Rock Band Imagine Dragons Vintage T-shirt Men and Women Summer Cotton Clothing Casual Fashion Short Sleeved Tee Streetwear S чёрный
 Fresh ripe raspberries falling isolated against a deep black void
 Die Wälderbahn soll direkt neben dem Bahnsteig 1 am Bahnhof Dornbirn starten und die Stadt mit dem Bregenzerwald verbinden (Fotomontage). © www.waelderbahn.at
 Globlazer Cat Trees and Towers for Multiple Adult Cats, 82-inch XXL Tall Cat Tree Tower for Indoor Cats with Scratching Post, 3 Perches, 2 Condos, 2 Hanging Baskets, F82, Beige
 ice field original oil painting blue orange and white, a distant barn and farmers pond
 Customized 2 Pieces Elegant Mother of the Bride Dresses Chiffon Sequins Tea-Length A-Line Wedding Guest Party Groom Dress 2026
=-=-=-=-=
The lines beginning with the one that holds "Die Wälderbahn soll" and ending with the last line of the data above are to be reproduced exactly, and nothing else.

**Answer box:**
 Die Wälderbahn soll direkt neben dem Bahnsteig 1 am Bahnhof Dornbirn starten und die Stadt mit dem Bregenzerwald verbinden (Fotomontage). © www.waelderbahn.at
 Globlazer Cat Trees and Towers for Multiple Adult Cats, 82-inch XXL Tall Cat Tree Tower for Indoor Cats with Scratching Post, 3 Perches, 2 Condos, 2 Hanging Baskets, F82, Beige
 ice field original oil painting blue orange and white, a distant barn and farmers pond
 Customized 2 Pieces Elegant Mother of the Bride Dresses Chiffon Sequins Tea-Length A-Line Wedding Guest Party Groom Dress 2026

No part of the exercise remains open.